It is indeed bizarre to use such a word for a highly organised and sustained assault on civilians and their infrastructure, in a region famed for such activity, where heavy weaponry was used. The mild word use is peculiar especially after Palestinian terrorist activity has been widely reported in the Sinai in recent months, up until a few days ago – Indeed the authors of these articles are aware of this fact, to quote the Reuters piece:



…a senior Israeli official said they had infiltrated from the Gaza Strip through Egypt's Sinai desert. Israel's military said the incident began when "terrorists shot at a bus on its way [to the city of] Eilat and then fired an anti-tank rocket at another vehicle.

It was a grave terrorist incident that took place in several locations," defence minister Ehud Barak said in a statement. "It reflects the weakening of Egypt's hold in the Sinai and the broadening of activities by terror elements.

Mark Regev, a spokesman for prime minister Benjamin Netanyahu, said Israel "has specific and precise information that these terrorists who targeted Israelis today came out of the Gaza Strip".
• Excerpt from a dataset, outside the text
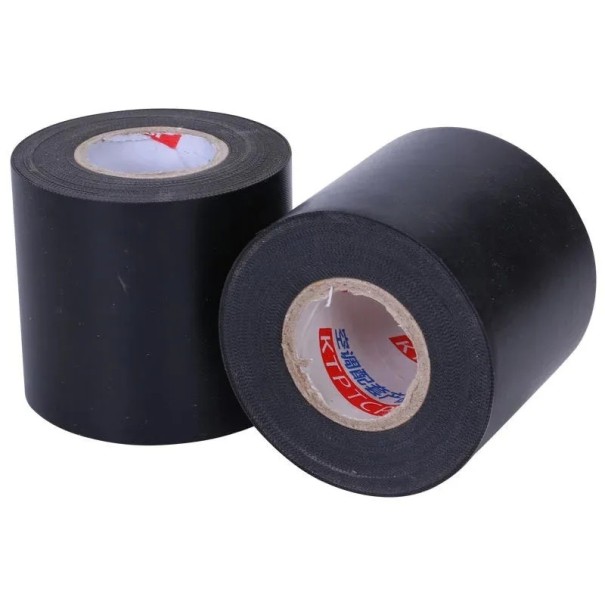 Klimaanlagen-Installationsklebeband 10 m x 60 mm Extra stark Feuchtigkeitsbeständig Starke Haftung Für Rohre Isolierung und Abdichtung schwarz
Whilst it is correct for journalists to reserve some judgement without verification, the use of heavy weaponry aimed at civilian targets in that region could only result in one belief: a heavy suspicion of a terrorist attack. Yet the reader has to rely on the Israeli government quotes to get a sense of that view.

The RTE article goes on to state:
It was later confirmed that seven Palestinians were shot and killed in the area after the attacks.
Whilst the icons for clicking on video footage of the televised news reports carried the text:

Six One News: Multiple casualties in Israeli violence

Nine News: 20 killed in Israeli violence
The report fails to state that the "gunmen" are likely to be terrorists. It also misleadingly identifies the violence as "Israeli", which is rather ambiguous because although the violence occurred in Israel, the source of that violence was very likely not to be Israeli. Moreover, it is remarkable that both articles failed to mention that the people attacked, injured and killed on the buses were actually Israeli civilians. There was also a notable failure to mention that children were amongst the dead on the Israeli side whist mention of the death of a Palestinian boy in Gaza was prevalent.
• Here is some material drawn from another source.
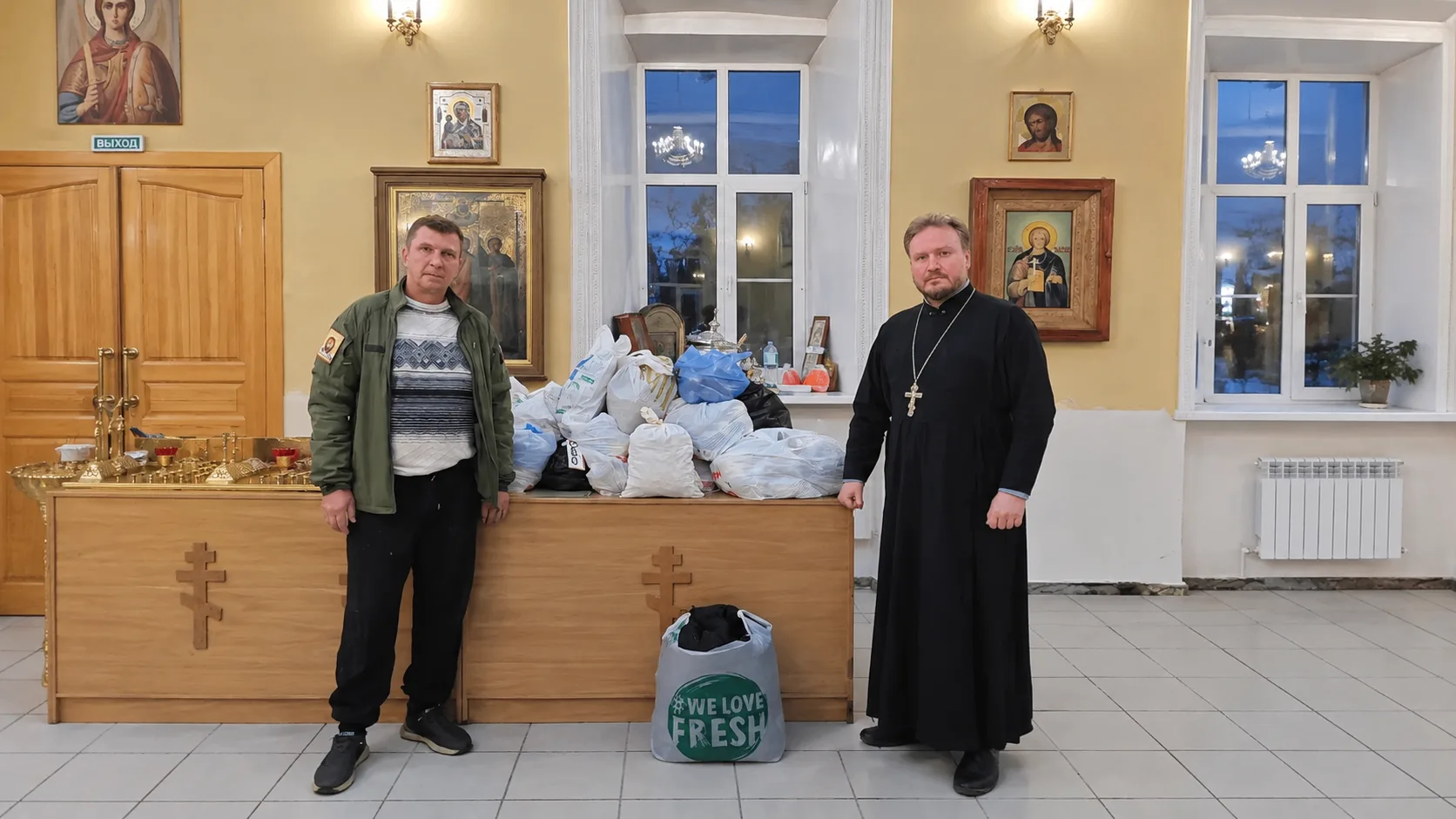 Из Никольского храма Пензы направили необходимые средства в зону спецоперации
Unfortunately the selective use of terminology which reflects political bias is nothing new. News agencies commonly characterise Mahmoud Abbas, King Abdullah of Jordan and other Arab leaders as "moderate" even though they lead rather oppressive regimes where incitement to violence is accepted, whilst they refer to Avigdor Lieberman as "far-right" or an "ultra-nationalist". Similarly Benjamin Netanyahu is often described as a "hawk", a remarkably strong term to use for a mainstream politician.

Worse still is the failure to characterise obvious terrorism as terrorism, whilst often inferring blame on Israeli activities, which results in a clear legitimisation of Palestinian terrorism even against civilians.

This media bias has existed for a considerable time. Websites like Camera, Honest Reporting, Just Journalism, and CIF Watch feature extensive examples of systematic bias going back many years.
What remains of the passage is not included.